Tomorrow is the day. Finally. The longest, most excruciating election season in memory will end as those of us who have yet to vote will head to the polls to have our say. And with Election Day 2016 now upon us, I thought I’d provide some comforting words for those of us who fear the worst for a nation plagued with the type of hateful and divisive attitudes, behavior, and rhetoric so common in modern American politics.
When it’s all said and done and the election has been decided, there will be much frustration and anger on one side, if not both. The harsh words and the argumentative tone of the past year will not suddenly disappear once the news networks dramatically reveal the 45th president of these United States. Acknowledging the fact that there will still be intense feelings of resentment is, I believe, an important step in starting to heal the wounds of such a divisive election season.
It is what we do with these feelings of bitterness and hurt that will determine how well we move on as a country. Recognizing that ideological and political differences are actually an important and necessary hallmark of a successful democracy, I hope that we try to understand and actively address the complicated beliefs and opinions of those with whom me may disagree.
It is always easy to get along with those who share our views. It is how we engage and interact with those of differing views that matters most. Getting to know and fully grasp the ideals and values of others is a significant step in moving forward.
With that said, while I do believe it’s important to show tolerance and appreciation for the views of others, I don’t think we should tolerate implicit or blatant words and acts of hatred. In fact, quite the opposite.

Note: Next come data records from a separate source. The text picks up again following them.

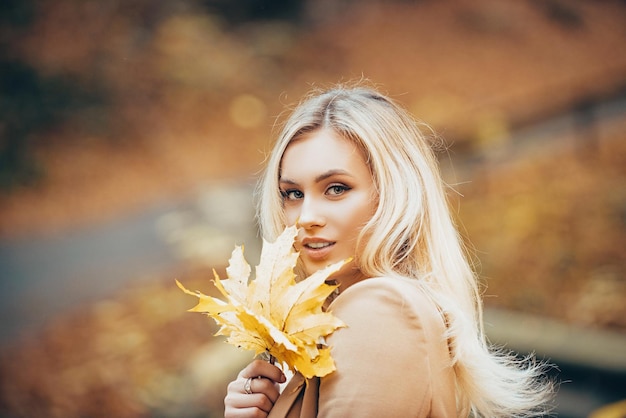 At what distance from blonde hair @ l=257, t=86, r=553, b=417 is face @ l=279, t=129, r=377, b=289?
3 cm

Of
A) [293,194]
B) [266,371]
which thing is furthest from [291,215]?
[266,371]

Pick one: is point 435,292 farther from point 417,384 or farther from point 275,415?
point 275,415

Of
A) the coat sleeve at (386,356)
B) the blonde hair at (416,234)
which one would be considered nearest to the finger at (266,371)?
the coat sleeve at (386,356)

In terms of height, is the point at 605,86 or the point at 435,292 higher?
the point at 605,86

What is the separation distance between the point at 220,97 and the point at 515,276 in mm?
3760

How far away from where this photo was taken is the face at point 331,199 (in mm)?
1799

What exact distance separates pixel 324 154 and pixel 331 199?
0.42ft

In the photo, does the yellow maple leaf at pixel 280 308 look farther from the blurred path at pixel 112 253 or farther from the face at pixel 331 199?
the blurred path at pixel 112 253

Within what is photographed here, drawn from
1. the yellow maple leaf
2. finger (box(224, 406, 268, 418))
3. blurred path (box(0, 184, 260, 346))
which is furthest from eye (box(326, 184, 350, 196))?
blurred path (box(0, 184, 260, 346))

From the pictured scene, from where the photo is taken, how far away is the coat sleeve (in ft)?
4.86

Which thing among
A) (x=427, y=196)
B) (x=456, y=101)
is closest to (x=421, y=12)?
(x=456, y=101)

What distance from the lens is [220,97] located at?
25.5 feet

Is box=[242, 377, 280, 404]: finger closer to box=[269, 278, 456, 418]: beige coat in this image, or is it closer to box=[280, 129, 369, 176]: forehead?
box=[269, 278, 456, 418]: beige coat

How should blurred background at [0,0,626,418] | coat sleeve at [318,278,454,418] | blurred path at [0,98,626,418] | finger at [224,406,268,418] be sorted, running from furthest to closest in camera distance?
blurred path at [0,98,626,418], blurred background at [0,0,626,418], finger at [224,406,268,418], coat sleeve at [318,278,454,418] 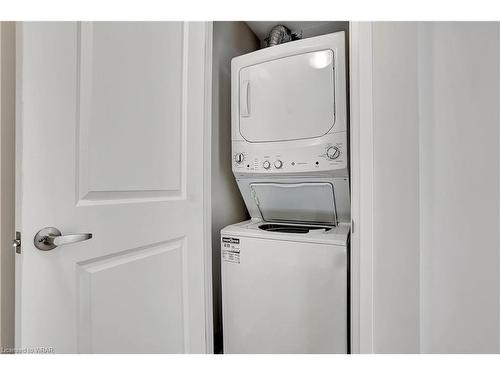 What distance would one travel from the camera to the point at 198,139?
1118mm

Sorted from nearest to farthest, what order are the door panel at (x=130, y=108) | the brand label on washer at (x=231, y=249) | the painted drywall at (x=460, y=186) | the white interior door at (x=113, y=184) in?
the white interior door at (x=113, y=184), the door panel at (x=130, y=108), the painted drywall at (x=460, y=186), the brand label on washer at (x=231, y=249)

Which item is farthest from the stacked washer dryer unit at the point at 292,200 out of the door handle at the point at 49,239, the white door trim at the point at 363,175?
the door handle at the point at 49,239

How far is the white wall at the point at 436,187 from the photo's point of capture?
927mm

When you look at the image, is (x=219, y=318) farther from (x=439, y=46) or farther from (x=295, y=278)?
(x=439, y=46)

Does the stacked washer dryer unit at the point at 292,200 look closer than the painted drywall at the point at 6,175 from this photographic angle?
No

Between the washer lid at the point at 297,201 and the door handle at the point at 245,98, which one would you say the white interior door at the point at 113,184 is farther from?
the washer lid at the point at 297,201

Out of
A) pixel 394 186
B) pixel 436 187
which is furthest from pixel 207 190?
pixel 436 187

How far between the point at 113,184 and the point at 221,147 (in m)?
0.92

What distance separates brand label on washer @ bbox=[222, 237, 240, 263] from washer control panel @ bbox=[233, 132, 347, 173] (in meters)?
0.39

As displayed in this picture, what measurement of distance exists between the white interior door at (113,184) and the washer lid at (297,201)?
531 millimetres

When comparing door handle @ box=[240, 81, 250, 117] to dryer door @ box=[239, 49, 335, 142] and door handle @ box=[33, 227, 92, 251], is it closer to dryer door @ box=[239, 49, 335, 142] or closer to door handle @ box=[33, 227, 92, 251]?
dryer door @ box=[239, 49, 335, 142]

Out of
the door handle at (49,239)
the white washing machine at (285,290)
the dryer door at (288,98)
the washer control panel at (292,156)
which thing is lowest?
the white washing machine at (285,290)

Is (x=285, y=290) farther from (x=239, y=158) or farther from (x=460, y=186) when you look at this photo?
(x=460, y=186) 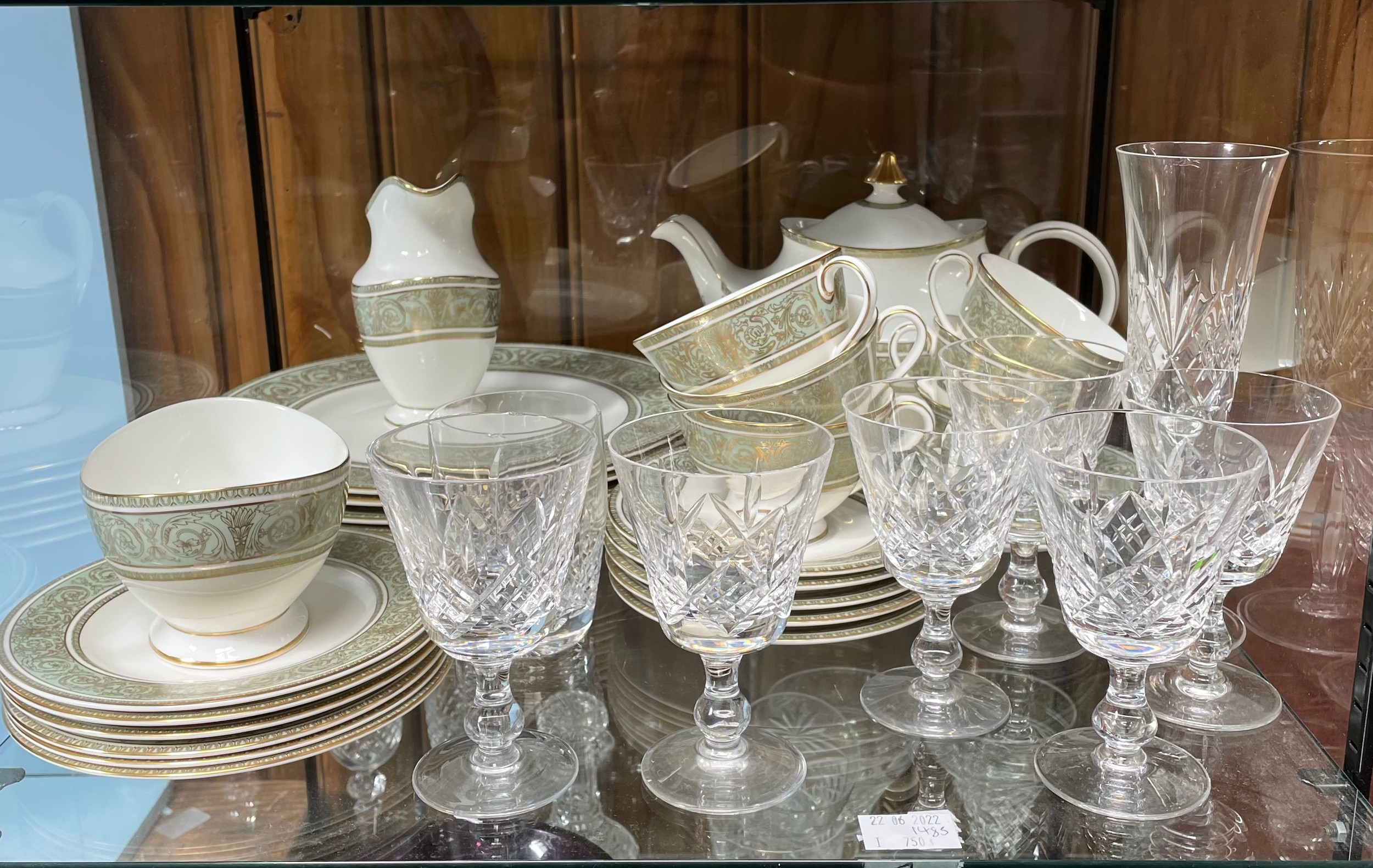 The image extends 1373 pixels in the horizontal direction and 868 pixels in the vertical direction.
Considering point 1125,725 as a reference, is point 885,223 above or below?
above

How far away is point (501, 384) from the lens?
87 centimetres

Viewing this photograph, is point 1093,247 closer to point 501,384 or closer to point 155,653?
point 501,384

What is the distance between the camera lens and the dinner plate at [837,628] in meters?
0.65

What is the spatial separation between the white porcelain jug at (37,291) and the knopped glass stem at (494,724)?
46 centimetres

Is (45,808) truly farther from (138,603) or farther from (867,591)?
(867,591)

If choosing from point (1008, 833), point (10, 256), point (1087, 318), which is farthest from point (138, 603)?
point (1087, 318)

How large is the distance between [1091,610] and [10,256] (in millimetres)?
715

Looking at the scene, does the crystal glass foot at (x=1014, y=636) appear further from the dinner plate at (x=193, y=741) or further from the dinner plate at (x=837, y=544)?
the dinner plate at (x=193, y=741)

I consider it our civic and moral duty to push for what is right, to counter the type of ignorant and destructive behavior we have witnessed in recent months. When intolerance and disdain for other beliefs, cultures, and races are present, we must speak out against them. It has been proven time and time again that history is on the side of those who have the courage to do so.
These are troubling times, no doubt. Tension is everywhere. Everything we do and say currently feels highly flammable. But I strongly believe that America has what it takes to overcome the suffocatingly negative climate of this year’s election. God knows we have encountered worse. Much worse.
I take comfort in knowing that even an election this intensely divisive, this wrought with fear and loathing, cannot completely destroy the bonds which have united us for centuries.